TASK BRIEF
From the first line of the entries below through the line holding "A Group Of Trash", write out every line exactly, please, and leave out the pictures.

________

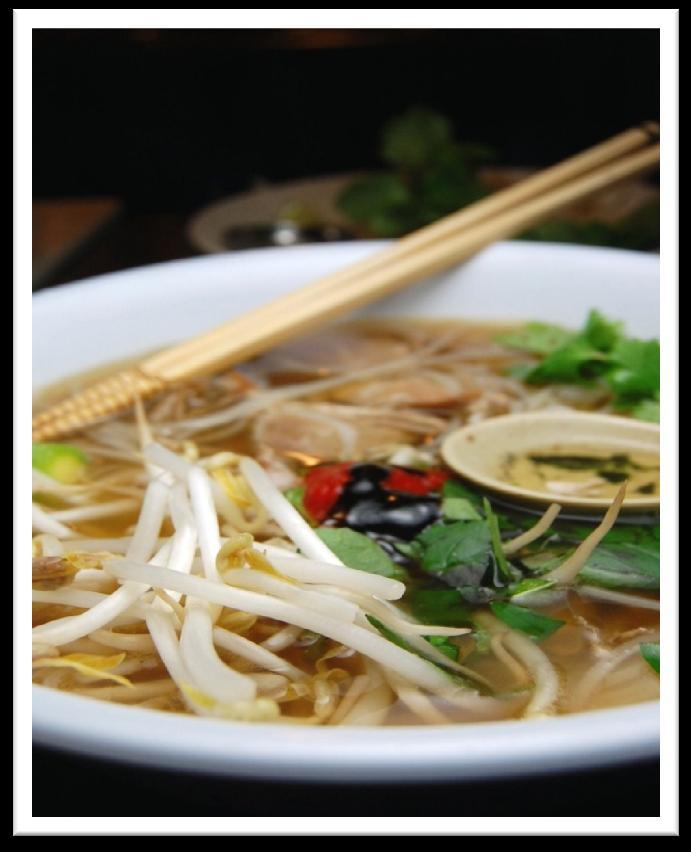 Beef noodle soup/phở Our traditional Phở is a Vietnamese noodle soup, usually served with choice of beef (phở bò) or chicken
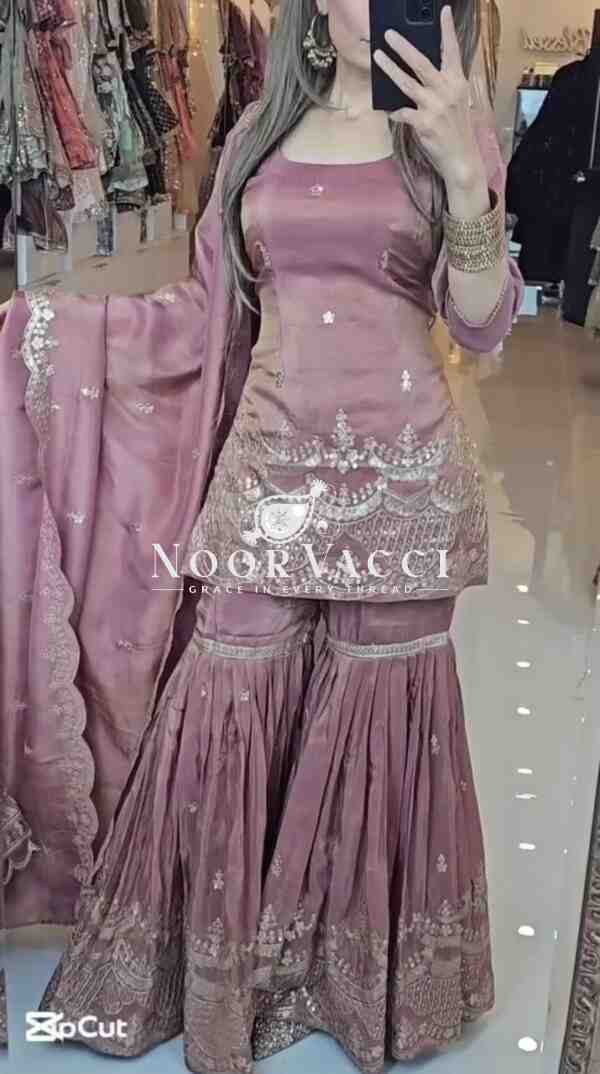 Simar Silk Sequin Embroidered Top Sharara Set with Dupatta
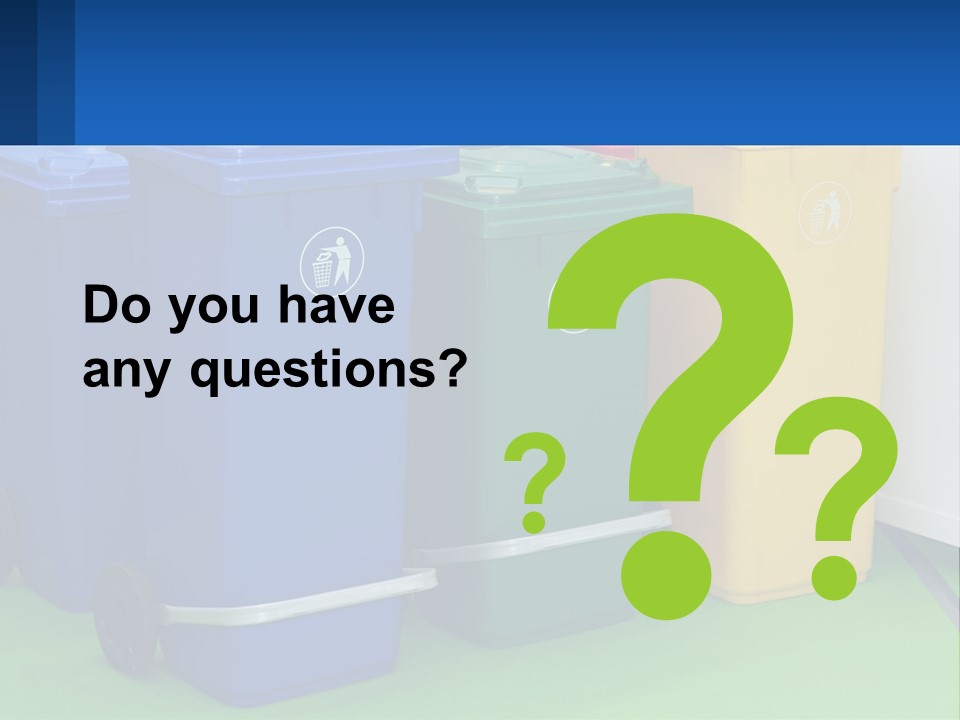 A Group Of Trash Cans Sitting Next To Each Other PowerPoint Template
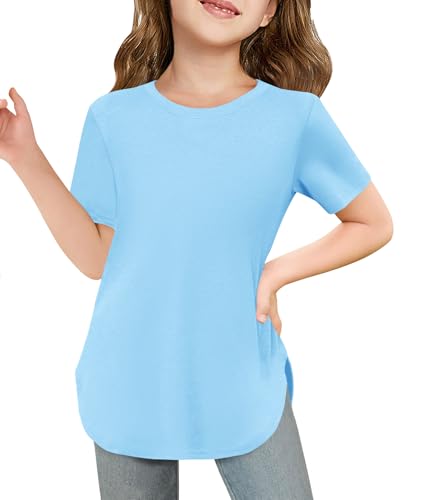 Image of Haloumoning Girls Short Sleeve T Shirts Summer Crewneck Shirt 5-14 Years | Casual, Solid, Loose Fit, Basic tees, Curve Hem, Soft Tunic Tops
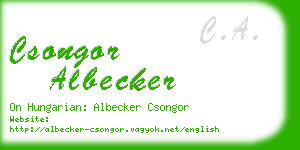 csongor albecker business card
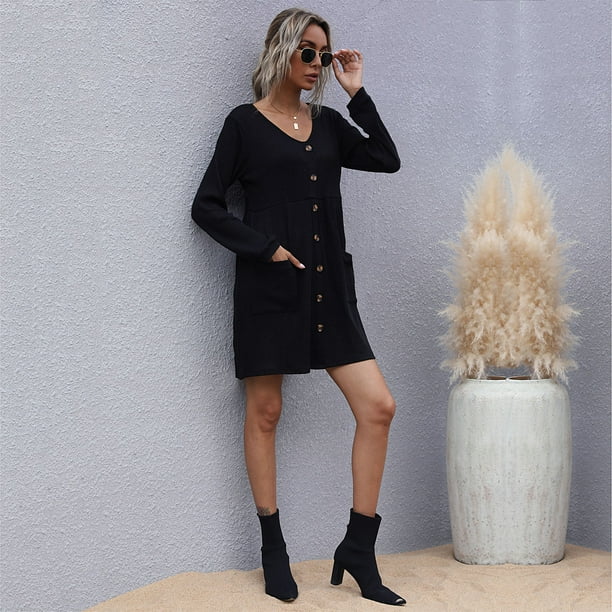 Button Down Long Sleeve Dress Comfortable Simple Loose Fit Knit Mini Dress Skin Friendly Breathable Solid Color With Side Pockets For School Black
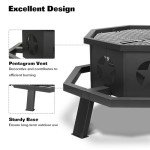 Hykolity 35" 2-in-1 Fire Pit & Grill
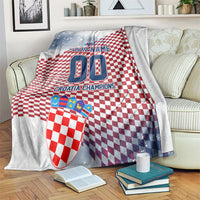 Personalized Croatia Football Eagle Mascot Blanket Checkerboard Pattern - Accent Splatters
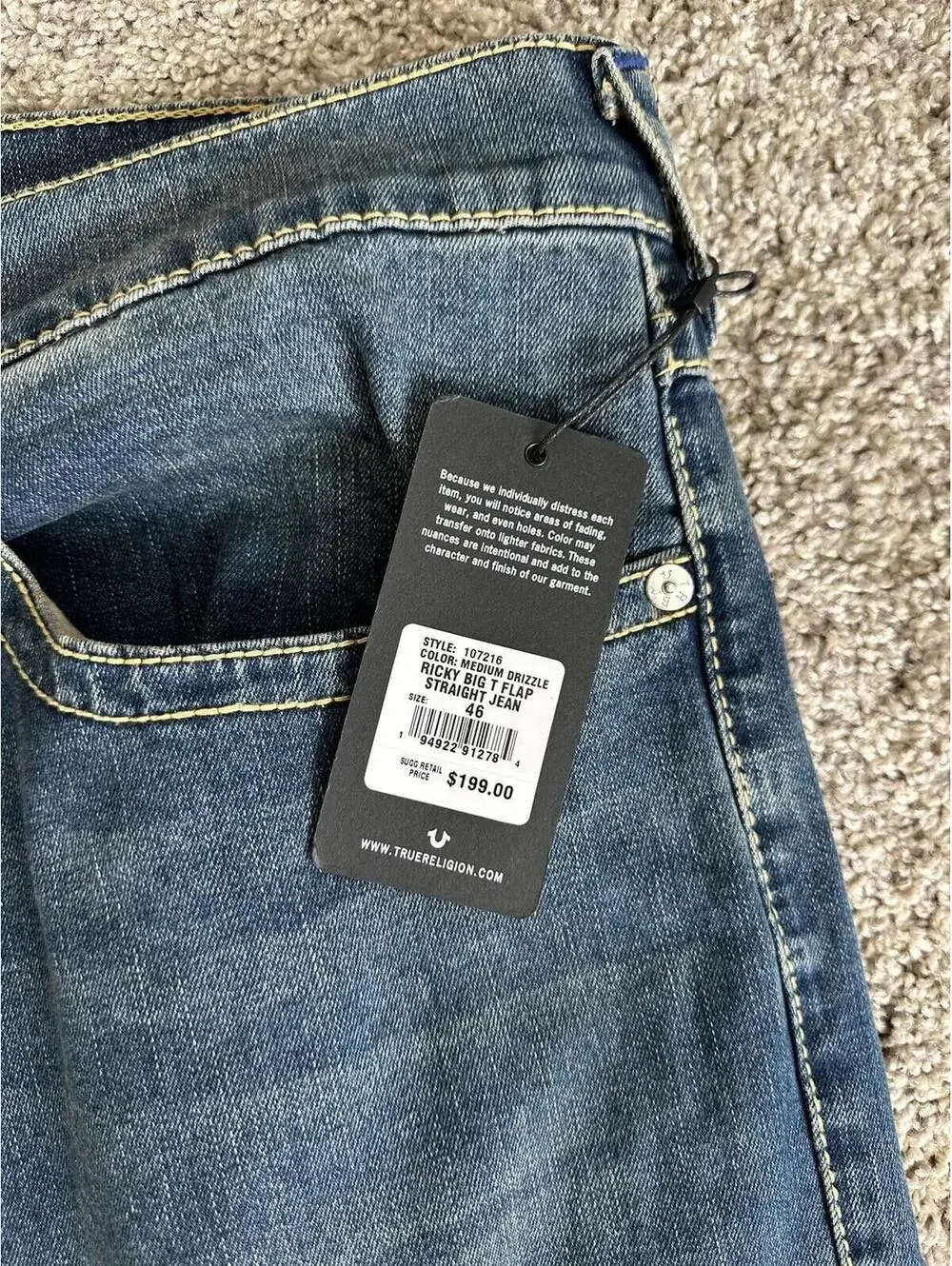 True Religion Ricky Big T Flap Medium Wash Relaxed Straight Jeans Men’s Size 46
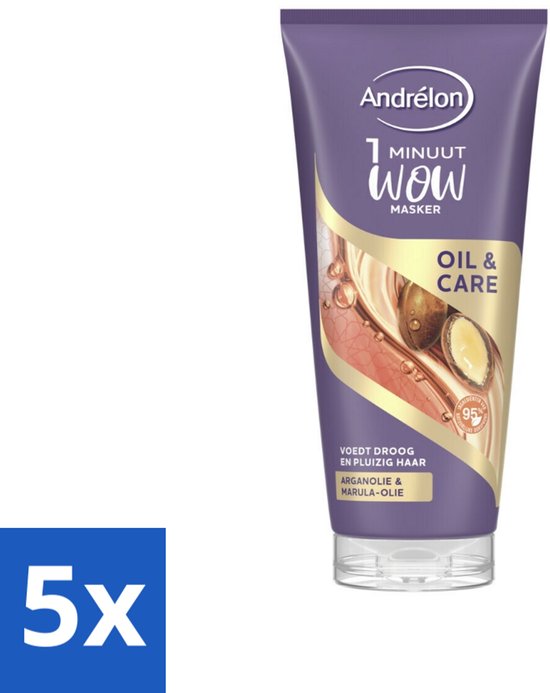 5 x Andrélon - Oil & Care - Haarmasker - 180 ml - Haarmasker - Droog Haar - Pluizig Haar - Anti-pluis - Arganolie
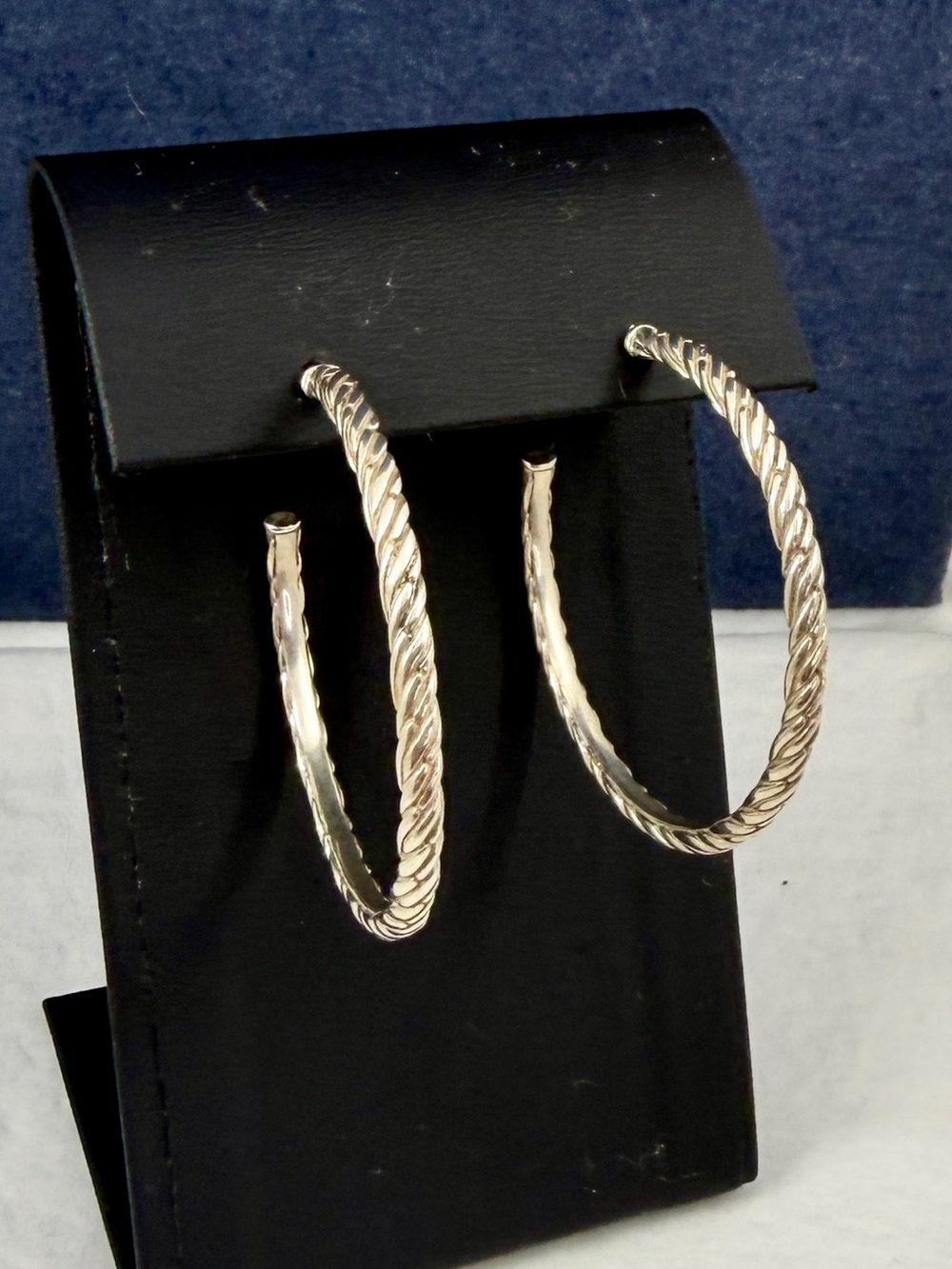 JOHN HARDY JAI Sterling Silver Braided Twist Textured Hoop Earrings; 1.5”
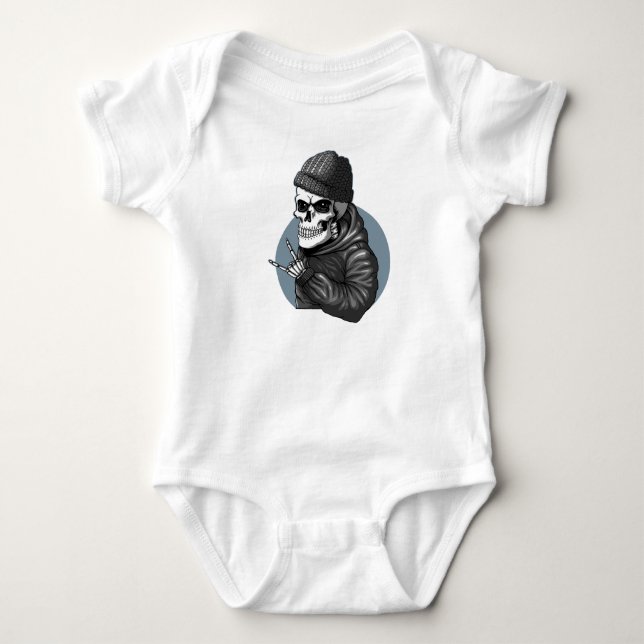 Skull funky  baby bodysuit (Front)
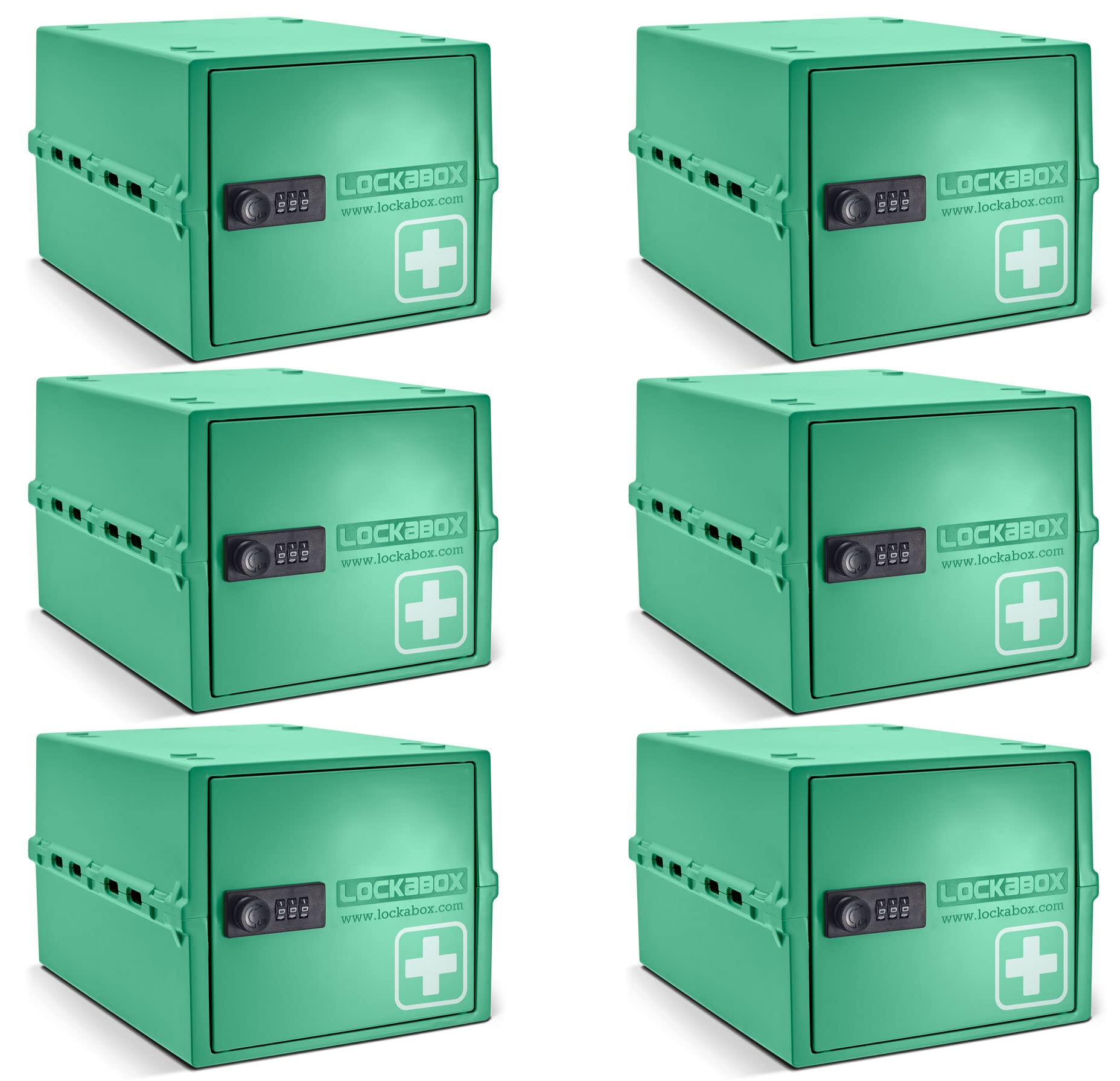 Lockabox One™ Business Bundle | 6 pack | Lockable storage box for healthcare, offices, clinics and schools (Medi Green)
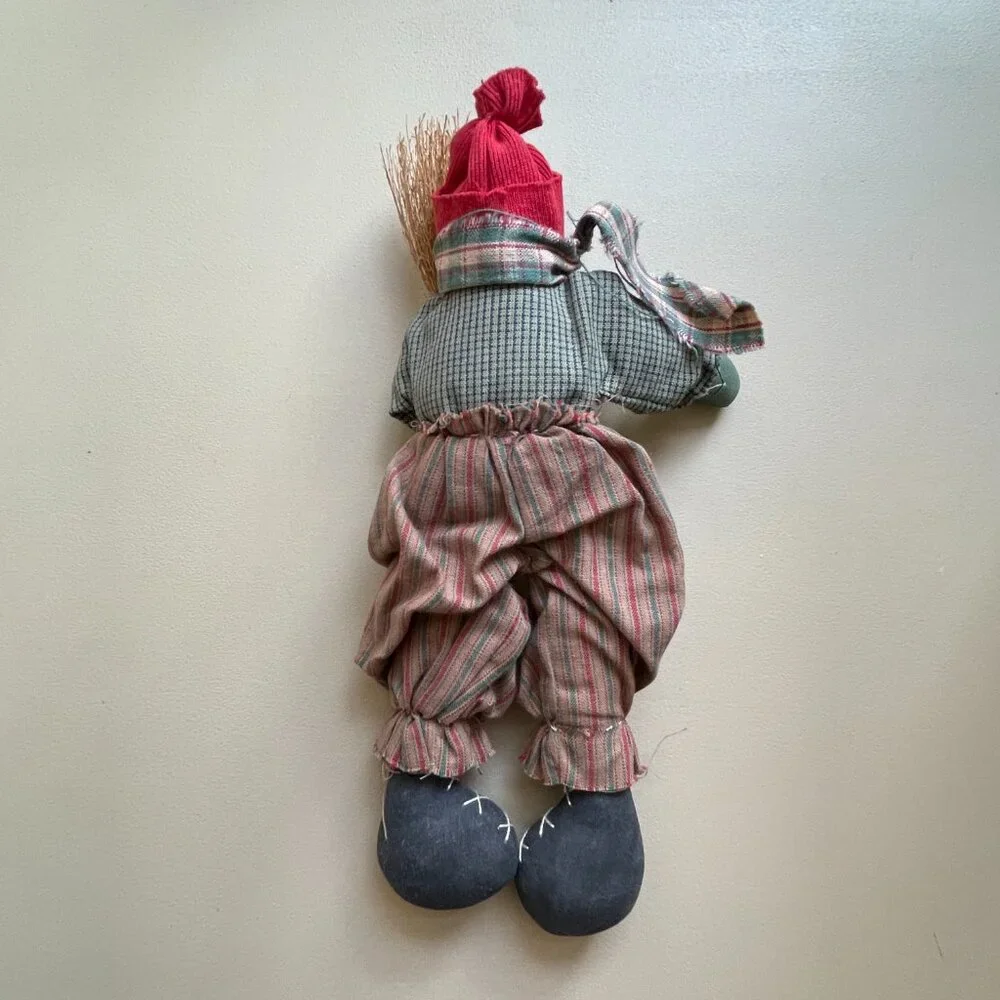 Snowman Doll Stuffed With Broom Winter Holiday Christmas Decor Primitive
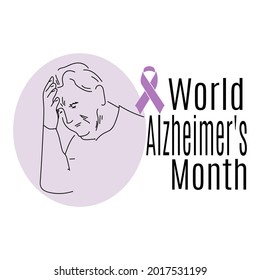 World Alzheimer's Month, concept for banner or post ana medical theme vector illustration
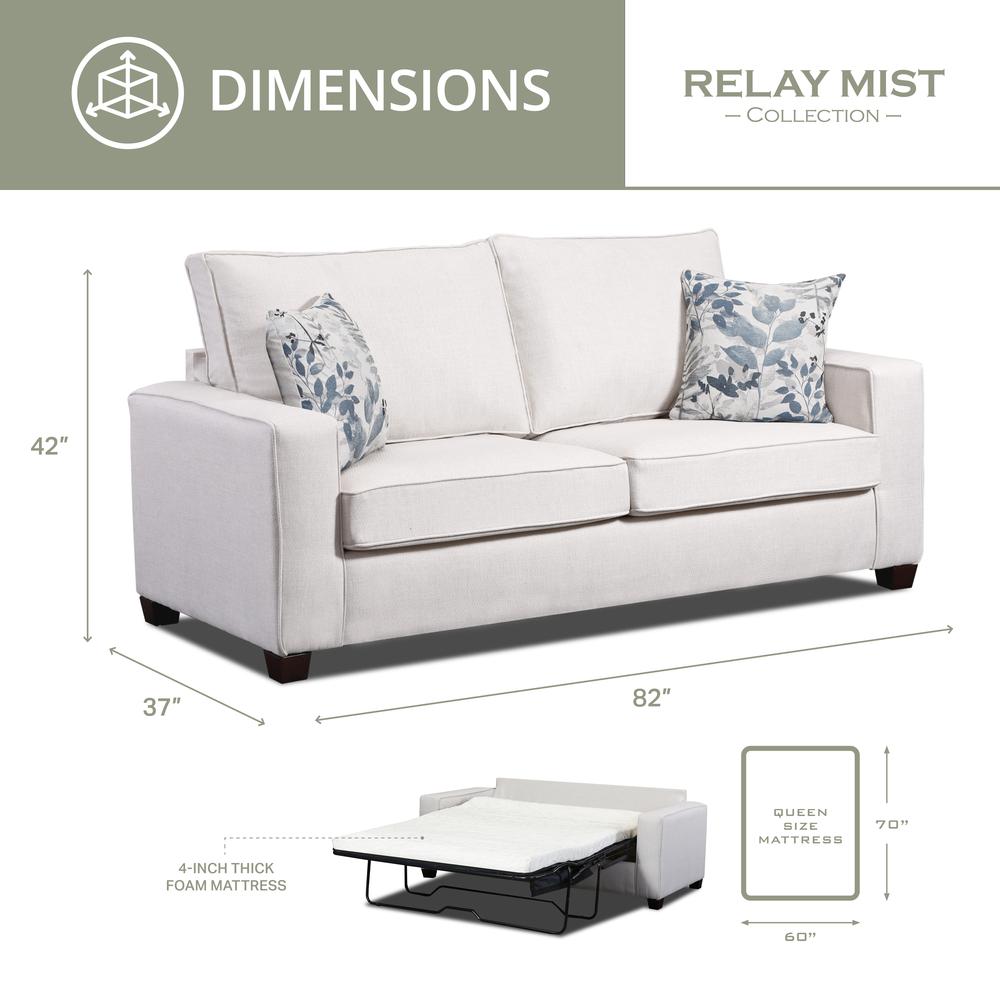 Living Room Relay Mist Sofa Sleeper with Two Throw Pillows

________

WRITTEN REPLY
 Beef noodle soup/phở Our traditional Phở is a Vietnamese noodle soup, usually served with choice of beef (phở bò) or chicken
 Simar Silk Sequin Embroidered Top Sharara Set with Dupatta
 A Group Of Trash Cans Sitting Next To Each Other PowerPoint Template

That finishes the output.